In [None]:
import pandas as pd

# Description of the Data

In [None]:
import pandas as pd
survey_data = pd.read_excel('student_data.xlsx', index_col=None)

This data contains students survey responses to the following items, ranking between **1 (strongly disagree) to 4 (strongly agree)**.

TASK VALUE [5 Items]:
* I think I will be able to use what I learn in this course in other courses.
* It is important for me to learn the course material in this class.
* I am very interested in the content area of this course.
* I think the course material in this class is useful for me to learn.
* I like the subject matter of this course.
* Understanding the subject matter of this course is very important to me.

METACOGNITIVE SELF REGULATION [5 Items]
* When I become confused about some concepts, I search for some strategies (re-reading, checking other resources, asking for help) to be able to understand them.
* I tried to change the way I study in order to fit the course requirements and the instructor's teaching style.
* When studying for this course I try to determine which concepts I don't understand well.
* When I study for this class, I set goals for myself in order to direct my activities in each study period.
* I give up studying when I have problem understanding a concept in this course.*

TIME ENVIRONMENT MANAGEMENT [6 Items]
* I usually study in a place where I can concentrate on my course work.
* I make good use of my study time for this course.
* I find it hard to stick to a study schedule.
* I have a regular place set aside for studying.
* I make sure that I keep up with the weekly assignments for this course.
* I watch the lecture videos regularly (especially for the classes that I miss).

The data also contains students' access logs to various components in OdtuClass for Modules 2 to Modules 5.

The following list provides explanation for the columns, taking Module 2 as an example:
* Module2PPT : Number of times a student viewed slides.
* Module2Recording: Number of times a student viewed zoom lecture recording.
* Module2InClass : Number of times a student viewed inclass activity in OdtuClass.
* Module2Lab : Number of times a student had any Lab-related activity in OdtuClass.
* Module2Quiz : Number of times a student had a Quiz-related activity in OdtuClass.

Display the first 5 rows of the data to get a better sense of it:

In [None]:
df = pd.read_excel("student_data.xlsx")
df.head()

Unnamed: 0,fullname,gender,year,dept,TV1,TV2,TV3,TV4,TV5,TV6,...,Module4Lab,Module5Lab,Module2PPT,Module3PPT,Module4Presentation,Module5PPT,Module2Recording,Module3Recording,Module4Recording,Module5Recording
0,in ltieca,Male,2nd year,CEIT,4,4,4,4,4,4,...,0,13,0,0,3,0,0,0,0,0
1,lagbsbi ye auc,Female,2nd year,BÖTE-CEIT,4,4,4,4,4,4,...,12,47,0,6,2,0,1,2,0,0
2,ugiyyelazm asl,Female,2nd year,CEIT,3,4,4,4,4,4,...,0,41,4,1,0,0,15,7,2,2
3,einluotiubgnncf ser,Female,2nd year,CEIT,4,4,4,4,4,4,...,2,48,0,3,0,1,0,0,0,0
4,redmetb are,Female,2nd year,Computer Education and Instructional Technology,4,4,4,4,3,4,...,0,26,0,0,0,0,0,0,0,2


It is difficult to display all the columns at once since we have a lot of columns.

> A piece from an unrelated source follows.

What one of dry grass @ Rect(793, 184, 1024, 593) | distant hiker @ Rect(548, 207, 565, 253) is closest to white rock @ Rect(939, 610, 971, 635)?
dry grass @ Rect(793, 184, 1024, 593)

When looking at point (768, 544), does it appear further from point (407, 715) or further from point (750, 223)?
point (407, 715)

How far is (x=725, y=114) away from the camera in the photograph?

So, let's just print the columns not the dataframe:

In [None]:
print(df.columns)

Index(['fullname', 'gender', 'year', 'dept', 'TV1', 'TV2', 'TV3', 'TV4', 'TV5',
       'TV6', 'METACOG1', 'METACOG2', 'METACOG3', 'METACOG4', 'METACOG5',
       'TIMEMANG1', 'TIMEMANG2', 'TIMEMANG3', 'TIMEMANG4', 'TIMEMANG5',
       'TIMEMANG6', 'Module2Inclass', 'Module3Inclass', 'Module4Inclass',
       'Module5Inclass', 'Module6Inclass', 'Module2Lab', 'Module4Lab',
       'Module5Lab', 'Module2PPT', 'Module3PPT', 'Module4Presentation',
       'Module5PPT', 'Module2Recording', 'Module3Recording',
       'Module4Recording', 'Module5Recording'],
      dtype='object')


# Data Preparation

Before we proceed, we need to process students activity logs further. If students interacted with a component less than 3 times (e.g., viewed a powerpoint less than 3 times), then we will consider that they did not interact with that component at all. So, we will replace any value less than 3 with 0.

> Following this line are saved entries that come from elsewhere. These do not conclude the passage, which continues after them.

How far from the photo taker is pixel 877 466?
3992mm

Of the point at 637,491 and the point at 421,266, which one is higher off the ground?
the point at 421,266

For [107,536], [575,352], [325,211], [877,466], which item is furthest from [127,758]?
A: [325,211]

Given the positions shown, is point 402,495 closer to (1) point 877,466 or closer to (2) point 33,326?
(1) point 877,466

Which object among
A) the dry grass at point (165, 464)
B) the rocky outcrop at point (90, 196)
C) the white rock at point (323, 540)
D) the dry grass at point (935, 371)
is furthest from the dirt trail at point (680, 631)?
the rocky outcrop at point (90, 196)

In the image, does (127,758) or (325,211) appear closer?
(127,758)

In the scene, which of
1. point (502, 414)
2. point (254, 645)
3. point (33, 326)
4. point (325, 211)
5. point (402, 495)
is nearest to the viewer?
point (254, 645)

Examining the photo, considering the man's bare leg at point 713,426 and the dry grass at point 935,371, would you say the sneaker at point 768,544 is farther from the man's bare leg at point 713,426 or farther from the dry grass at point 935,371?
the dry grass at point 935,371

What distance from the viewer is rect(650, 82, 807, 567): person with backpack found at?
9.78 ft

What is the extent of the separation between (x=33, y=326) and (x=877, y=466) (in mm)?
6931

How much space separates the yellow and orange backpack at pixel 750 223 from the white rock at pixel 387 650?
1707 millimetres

Perform this operation to all columns except the survey columns.

To select the correct columns, you can convert the `survey_data.columns` of the dataframe to a series by `survey_data.columns.to_series()` on which you can apply `.loc` to select all columns between 'Module2Inclass' and 'Module5Recording' using proper slicing.

Then you should use for loop to iterate through the selected columns, and at each iteration you should apply `.loc` on the dataframe to select the rows where the value of the column is less than 3, and then set the value of the column to 0 for those rows.

In [None]:
for col in survey_data.columns.to_series().loc['Module2Inclass': 'Module5Recording']:
    survey_data.loc[survey_data[col] < 3, col] = 0

## TASKS

**CHLG1.** Find out if students check powerpoints more or zoom recordings more across all modules. **REPORT** the exact values.

In [None]:
pptSum = survey_data[['Module2PPT', 'Module3PPT',
                      'Module4Presentation',
                      'Module5PPT']].sum().sum()
pptRec = survey_data[['Module2Recording',
                      'Module3Recording',
                      'Module4Recording',
                      'Module5Recording']].values.sum()
pptSum, pptRec

(np.int64(128), np.int64(52))

**CHLG2.** Find the average lab activities of female students vs male students across all modules. Identify which group had a higher average. **REPORT** the exact values.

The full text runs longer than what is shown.